Eagle-eyed Swifties have theorized that the lyrical warning was referring to NFL fan criticism Kelce, 34, received when he started dating the pop star in 2023.
“Everybody was telling Travis, ‘Be careful, don’t get with her. She’ll ruin your career,’” one social media user said via TikTok. “‘Are you paying attention to football? Is she weighing you down? Is he no longer good because he’s dating Taylor Swift?’ That was the entire middle part of their relationship when everybody was so pissed they saw her on the screen.”
Swift and Kelce started dating in summer 2023 after a missed connection at her Eras Tour that July. They took their romance to the next level when she went to her first Chiefs game in September 2023. Despite Swift eagerly embracing football for the first time, die-hard sports enthusiasts lamented that she was shown on broadcasts more than the game itself and thought Kelce’s stats would be negatively affected. (The beliefs were ultimately proven to be false as Kelce broke many receiving records and helped the Chiefs clinch a second consecutive Super Bowl trophy.)

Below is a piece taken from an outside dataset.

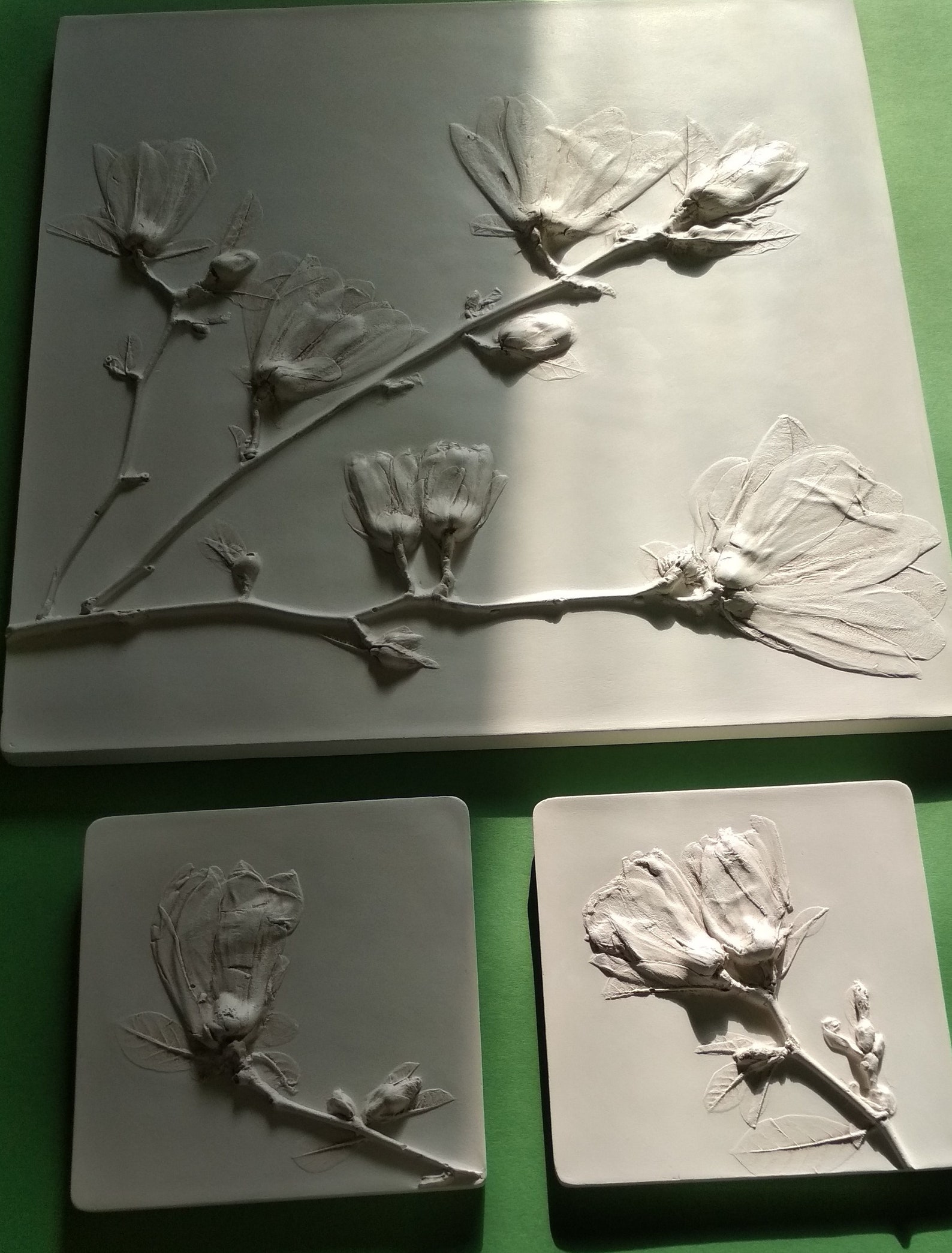 Botanical Basrelief Plaster Wall Art Set 3panel Wall Art Etsy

Taylor Swift at Chicago Bears vs the Kansas City Chiefs game, 2023. Jason Hanna/Getty Images
“I don’t know how they know what suite I’m in. There’s a camera, like, a half-mile away, and you don’t know where it is, and you have no idea when the camera is putting you in the broadcast, so I don’t know if I’m being shown 17 times or once,” Swift told TIME in her 2023 Person of the Year profile. “I’m just there to support Travis. I have no awareness of if I’m being shown too much and pissing off a few dads, Brads and Chads.”
Since hearing “The Albatross,” other Swifties have noticed that the track seemingly highlights the unexpected situations and “baggage” that comes with being in a relationship with Swift.
“The first verse talks about someone warning a suitor about dating her. Love is fragile, don’t let the winds that come with her fame snuff it out,” an X user theorized. “You shouldn’t date her, it will blow up the tabloids.”
They added, “The second verse is about how she is shut away for the good of her potential partners. She’s the bad seed and the temptress, so shutting her away reduces the danger (less dagger to sharpen). But she escapes confinement anyway to visit her partner (who dgaf about the danger).”
Kelce, for his part, has made it clear that he understands the “good reason” why people “care” about Swift so much and asserted that he’s enjoying their public and private life together.
Another social media fan pointed out that “The Albatross” is about “men [being] scared of falling” for Swift since she’s a so-called “man-eater and serial dater,” but they date her regardless. A separate social media user posited that the NFL critics — not Kelce — made Swift feel like an albatross.
“Given everyone warned Trav he was distracted all because of her, the football dudes made her feel she was the albatross around his neck,” the X user wrote. “He never made her feel that way and cast off all the doomsayers. In fact, he played better when she was there.”
The term “albatross” has multiple meanings, referring to either an oceanic bird, a source of frustration and guilt, or a “double eagle” move in golf. If a person is called an albatross, it typically means said individual is a psychological burden. The albatross is also one of Swift’s many literary references as the bird appears in Samuel Taylor Coleridge’s poem “The Rime of the Ancient Mariner,” which is interpreted as a story of salvation.